Musa singled out Amupanda, saying he and members of his Affirmative Repositioning movement had come to Babylon informal settlement to campaign during the regional and local authority elections but it seems he has forgotten about them.
"If we go to Job's office now, do you know what he will say? Make an appointment, wait, it is Covid-19. At least if they tell us, 'let us demolish here and move you somewhere else temporarily' we would accept that, but they are offering nothing. We must just move," he said as his corrugated zinc shack was being pulled down.
"We tried our best to at least ask for land on a temporary basis. We even wrote to Job's office, but got no response. We even slept at the councillor's office for two days in May when they told us to wait. We are still waiting in July now," said the 25-year-old.
Musa said he has been trying to create employment for himself by applying for a vendor's licence to operate at the open markets but was rejected several times.
Efforts to get comment from Amupanda were unsuccessful as calls and messages to him went unanswered. However, he tweeted yesterday evening: "I have taken note of the events in Tobias Hainyeko. I have asked the acting chief executive officer, George Mayumbelo, and the head of the City Police, chief Abraham Kanime, to brief me and councillors as to what has transpired."
Amupanda did not comment on land grabbing by residents earlier this year.
A young mother of one said officers had misled them, saying they will hold a meeting regarding the plot and the way forward.

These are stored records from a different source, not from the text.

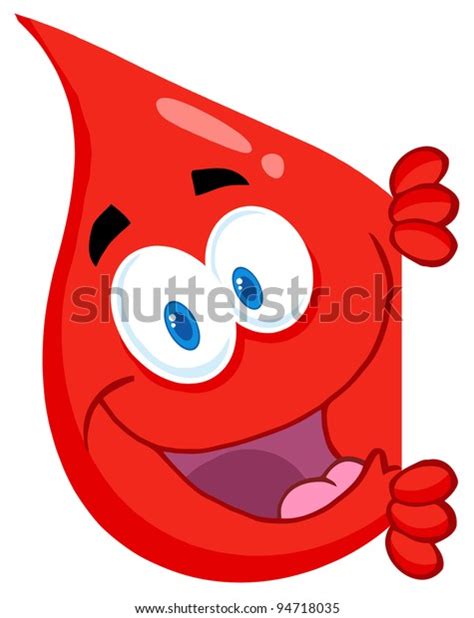 Happy Red Blood Drop Looking Around Stock Illustration 94718035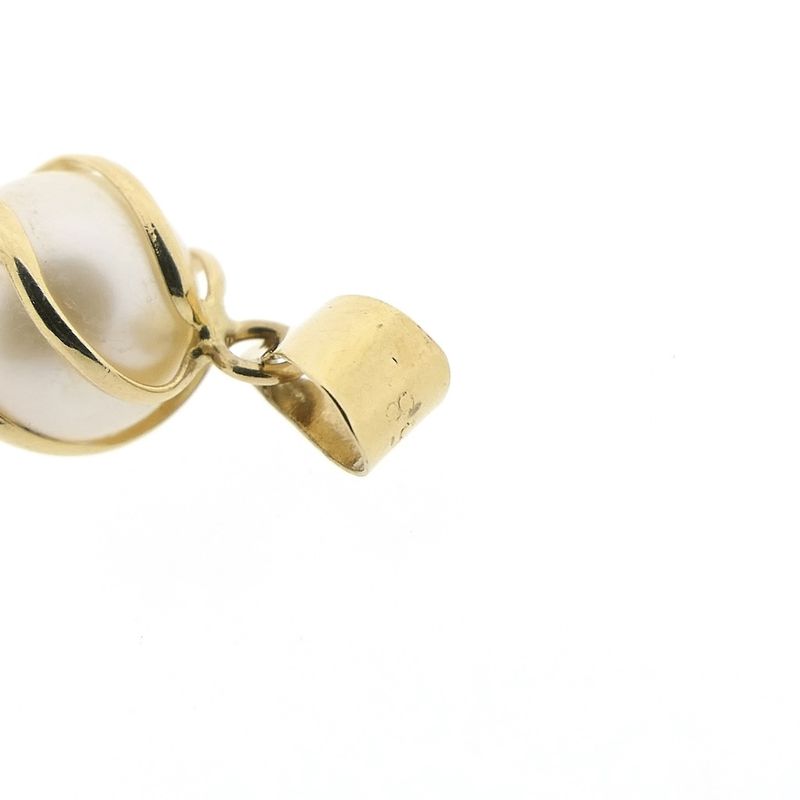 Image 5 of Gold solitaire pendant with pearl | Vintage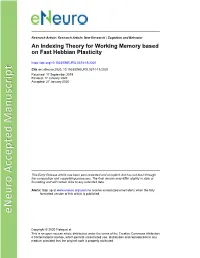 An Indexing Theory for Working Memory Based on Fast Hebbian Plasticity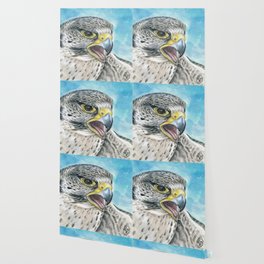 Peregrine Hawk Falcon Watercolour Human Made Art Painting Wallpaper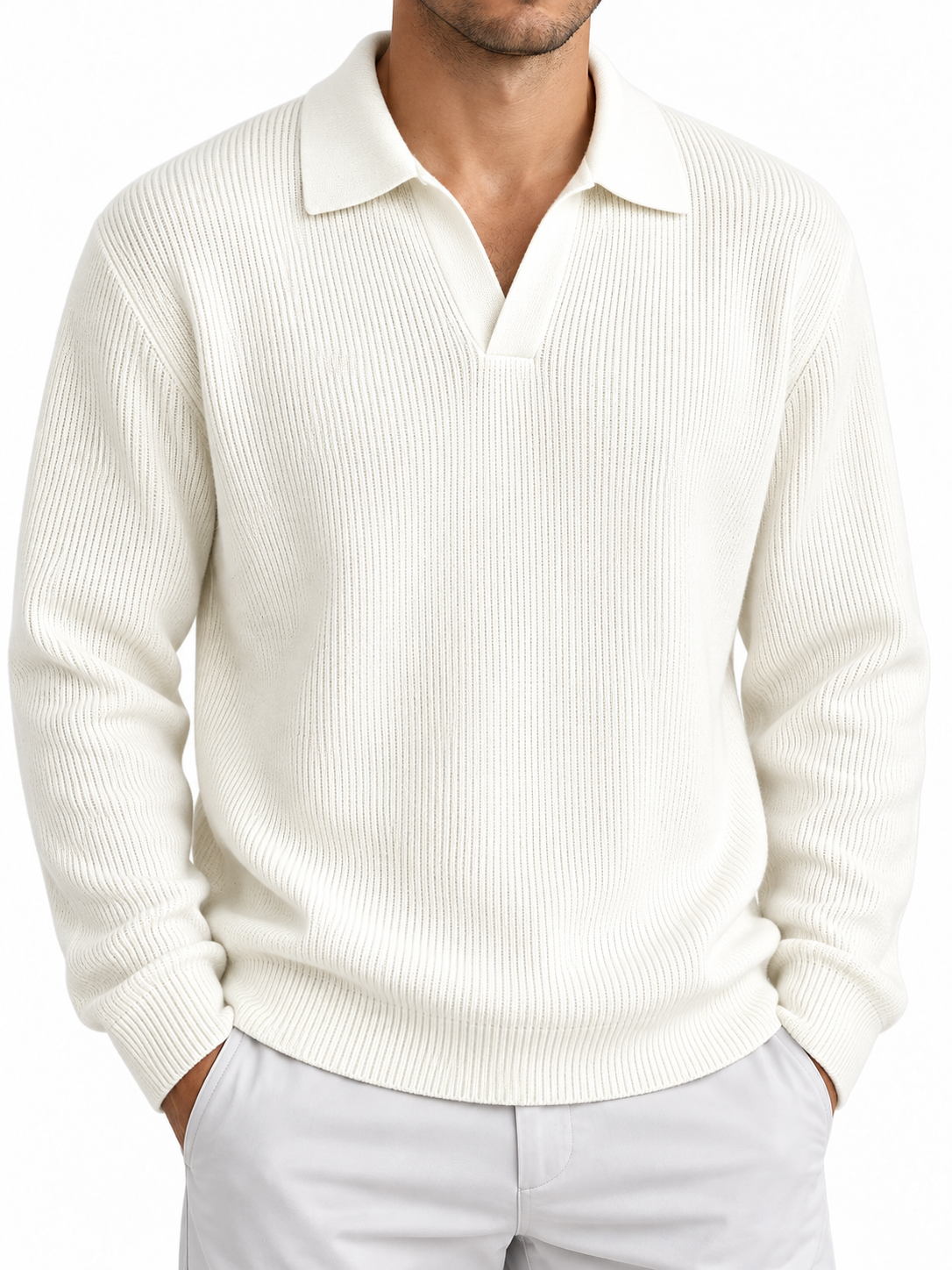 Men's Crewneck Knit Sweater – Long Sleeve Solid Color Pullover for Fall Winter & Everyday Wear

"They [City Police] came here at 08h00 and started dismantling our shacks without talking to anyone. They just started evicting people," she said.
Paulina Nendonga who has been living at the plot since March said having no permanent home was frustrating.

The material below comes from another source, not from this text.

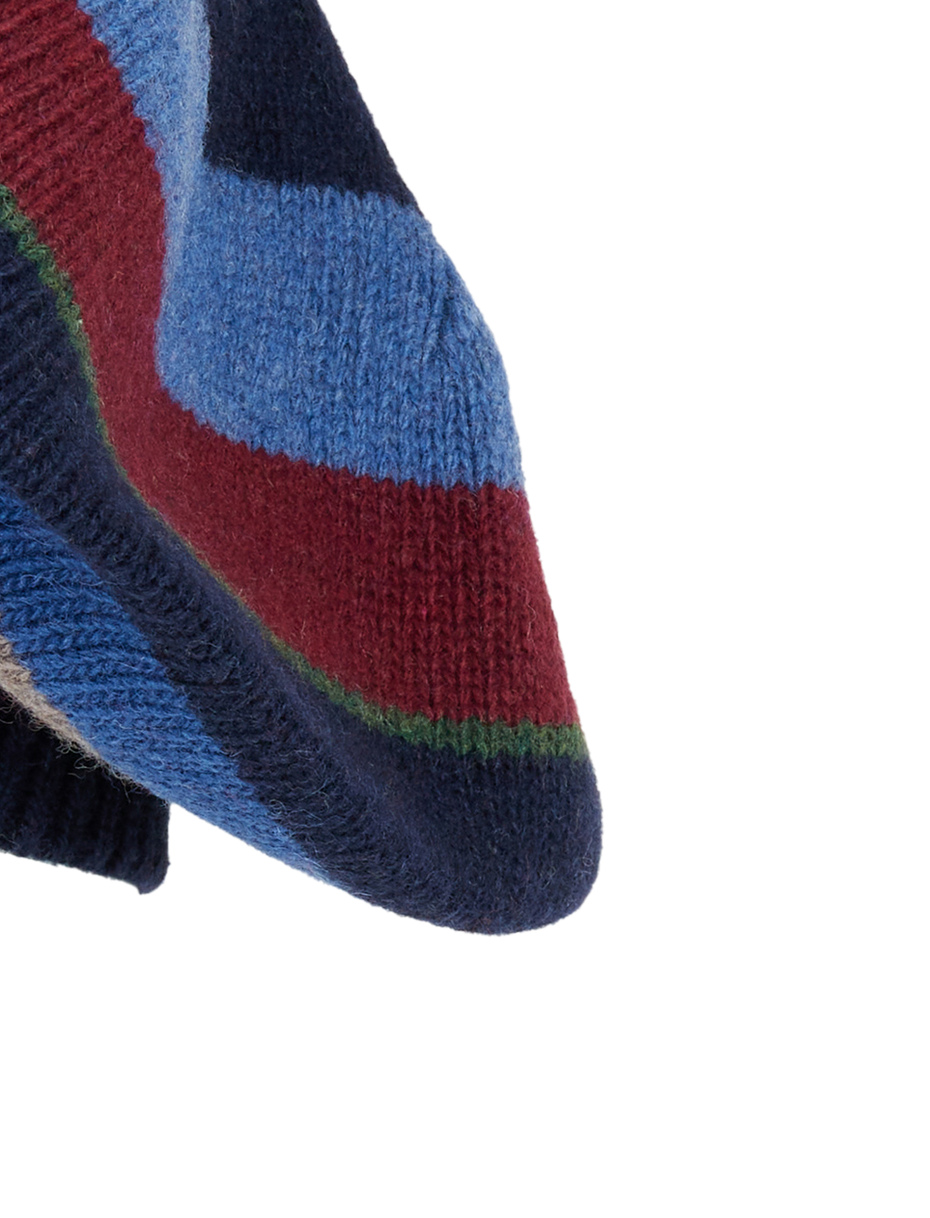 Women's blue wool and cashmere beret with multicoloured stripes - Gallo 1927 - Official Online Shop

"I am angry. I have a child, and this is a problem. These officers have their own houses where they live. I don't know what I am going to do. It is not right," she said.
A shack of a family of three adults and children was pulled down and only their beds, blankets and suitcases were left.
"We will sleep outside tonight. We moved here three days ago after seeing other people grabbing land. It's not right, but it is okay," the breastfeeding mother of a newborn told The Namibian.
Jeremia Kaputa said he had moved to the area more than three weeks ago because he has been retrenched and had no home.
"I was working at a company where I was an assistant driver but I was retrenched in 2019," Kaputa said.
"Now this again, I have nowhere to go," said Kaputa with his head down.
A woman, who chose anonymity, said her shack had given her a sense of independence.
"I was renting before I came here and we were fine. At least we had our own piece of the land. But again it is a big story. We do not know what is next," said the woman who lives with her sister and two children.